Because we have labels for all the patients (PD/non-PD) this is a relatively straightforward binary classification task (as you know of course), but since we have no SWEDD patients or GENPD patients, it is much easier to work like this.

Other:

- Because this DL models have so many parameters, I would like to try an idea that I have been toying with for a while regarding their training; using Bayesian optimisation for model selection (MATLAB, surprisingly, have a good explanation: https://uk.mathworks.com/help/deeplearning/examples/deep-learning-using-bayesian-optimization.html)
- If anyone is interested, I usually code DL models in PyTorch (facebook's DL library), that being said I am fairly language agnostic, TensorFlow (Google) works fine too.

### Why is this good?

- It is straightforward
- Fairly easy
- There is lots of precedence:
    1. https://github.com/erickrf/autoencoder
    2. https://arxiv.org/pdf/1408.5882.pdf
    3. Nice high-level review/summary: https://medium.com/jatana/report-on-text-classification-using-cnn-rnn-han-f0e887214d5f
    4. https://github.com/brightmart/text_classification
    5. https://paperswithcode.com/task/sentence-classification
- Embedding words into sentences is easy; we can also embed single characters should we so wish -- but since we are looking for habitual errors, word embeddings might be more appropriate.
- Encoder/Decoder potential models: CNN (probs best for small amount of data)/HAN/RNN/LSTM

### Why might it be bad?

- Necessarily DL models require a lot of data -- though there are novel new ways to get around this.

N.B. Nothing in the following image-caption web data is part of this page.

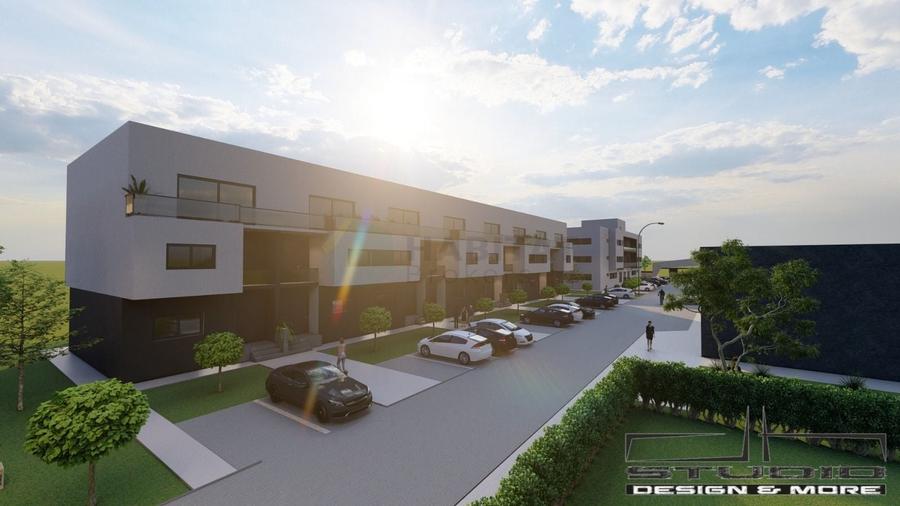 Ultimele apartamente de 3 camere în Tunari – direct de la dezvoltator - 23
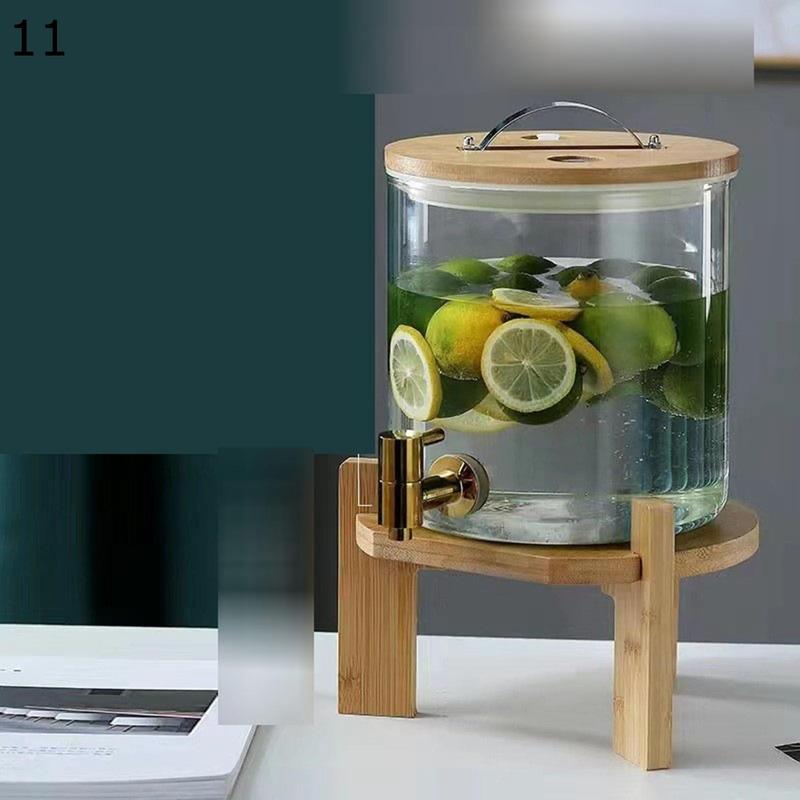 ドリンクディスペンサー ドリンクサーバー ガラスジャグ 11L大容量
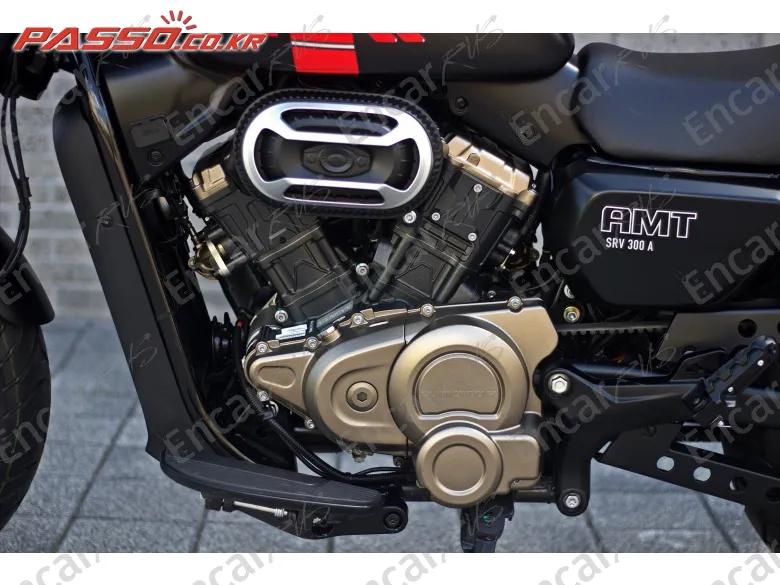 Qjmotor SRV 300 A - фото 4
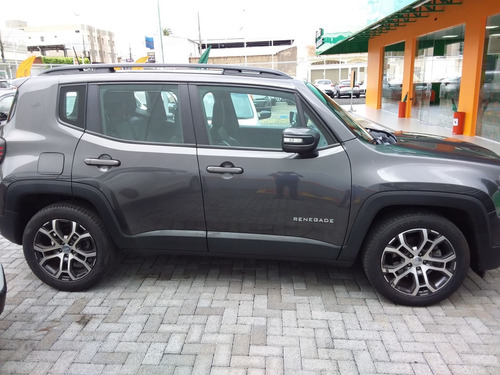 Jeep Renegade 1.3 T270 TURBO FLEX LONGITUDE AT6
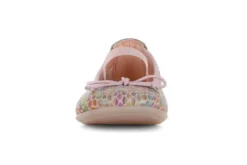Bailarinas De Niña Pablosky Rosas De Piel 347175 | Pablosky -Zapato Tienda de ventas 347175 hd 0003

I do not yet know if we have enough of it, since I have only started to build the model and have not got to the point where I can train it yet.
- Unfortunately much of DL is still based on __tricks and experience__ -- often we do not know fully know why something works, just that it does. The theory has not quite caught up with practise yet. But it will. 

## Questions for Colin and Tom

1. Do we have an equipment budget?
    - If we go down this route, the analysis phase will be _a lot_ faster if I use a GPU (couple of hundred quid, nothing crazy -- can give it to Liverpool/Sheffield after) 
    - My **big machine** (i.e. my useful machine, not my laptop) does not currently have a GPU but it does have all the other bells and whistles
2. The datasets that we have, is that all that exists in terms of the research that has been done in this area?
3. Devil's advocate question: what is the point of this? Your AUC is already very good (from the most recent paper)
4. In the English language data, what is the format of the timestamp? What should I convert it to, to make it interpretable?
5. What about taking time-derivatives (i.e. speed and acceleration) of IKI? (see next cell)

Let $$x = \textrm{IKI}$$
then, we can extract the following meta-data:
$$
x, \frac{dx}{dt}, \frac{d^2x}{dt^2}
$$
Why? Well, we can bolt this onto our observation vector $\mathbf{x}$ that we pass to the DL model, and let it choose whether or not this information has high information content w.r.t. the binary classification it is being asked to undertake.